191 A.D. 10 | N.Y. App. Div. | 1920
Compensation in this case has been computed on an erroneous basis. The Commission finds that the average weekly wages of the claimant were $25.96. That is “ one-fifty-second part of his average annual earnings ” (Workmen’s Compensation Law, § 14, subd. 4). Consequently his “ average annual earnings ” should have been $1,350. In order to reach such result the Commission considered that his “ average daily wage ” was $4.50 and proceeding either under subdivision 1 or 2 of section 14 of the Workmen’s Compensation Law multiplied such daily wage by 300. Neither of those subdivisions is applicable. The claimant entered the service of this employer May 24,1918, and continued therein until the time of his injury, on December 22, 1918. He did not work steadily, however, but within the dates mentioned worked one hundred and nineteen and a half days, earning in the aggregate, including an allowance for board, $395.22. For six days prior to his accident he had been working as a fireman and receiving $4.50 a day or perhaps a little more.
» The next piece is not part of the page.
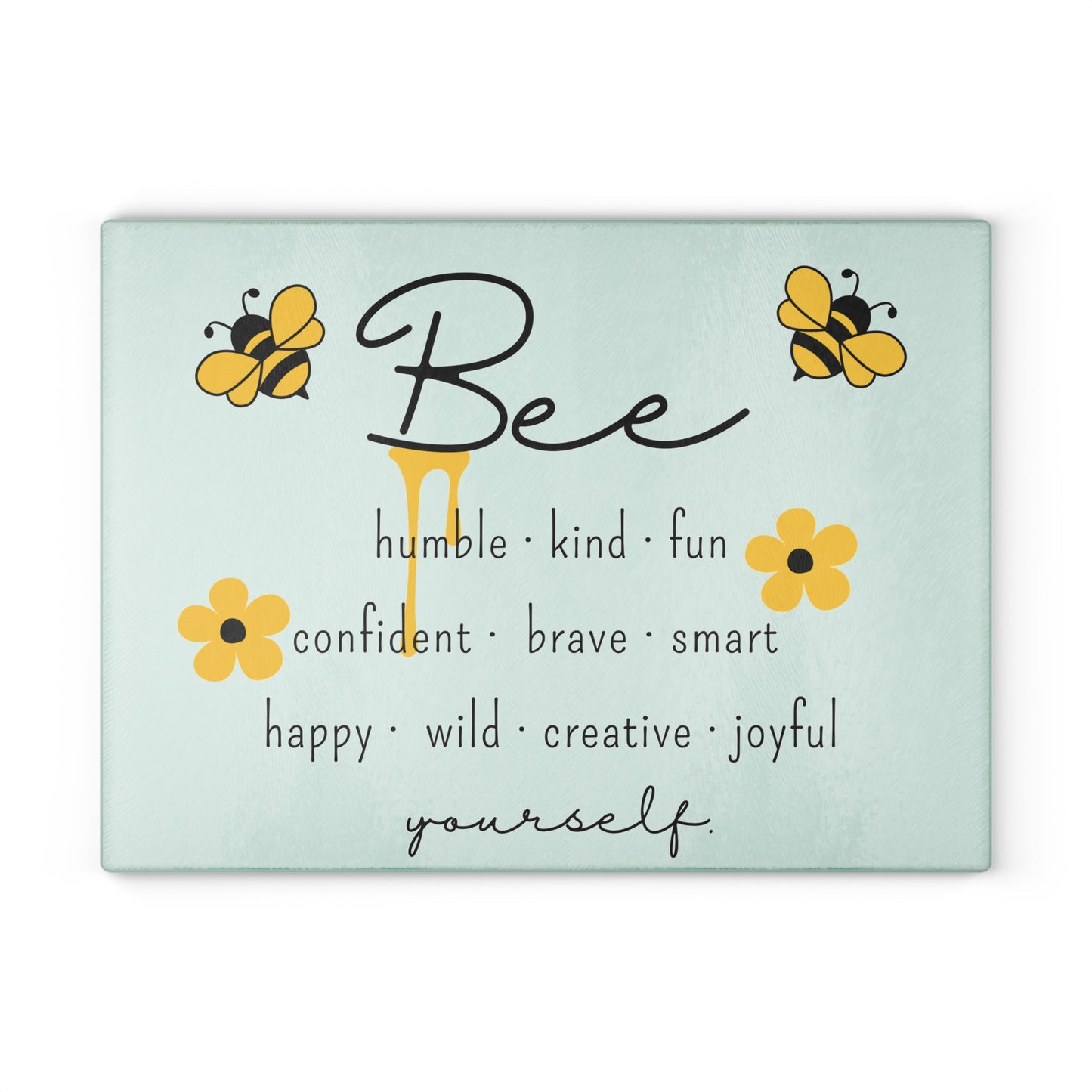Tabla de cortar de abeja, regalo de abeja, decoración de cocina, tabla de charcutería, regalo de boda, regalo de fiesta de compromiso, regalo de cocina para recién casados, regalo de cocina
Prior to that time he had been a coal passer and received less compensation than when working as a fireman. Prior to May 24, 1918, it does not appear what he did or what if anything he earned. . Any computation based on annual earnings of $1,350 for a claimant who for a period of about seven months actually earned less than $400 is in the absence of explanatory circumstances manifestly unreasonable and unfair. The Commission in an effort to bring the case within subdivision 2 of section 14 received evidence as to the compensation of firemen for a year previous to the accident
The award should be reversed and the matter remitted to the Commission.
All concur.
Award reversed and matter remitted to the Commission.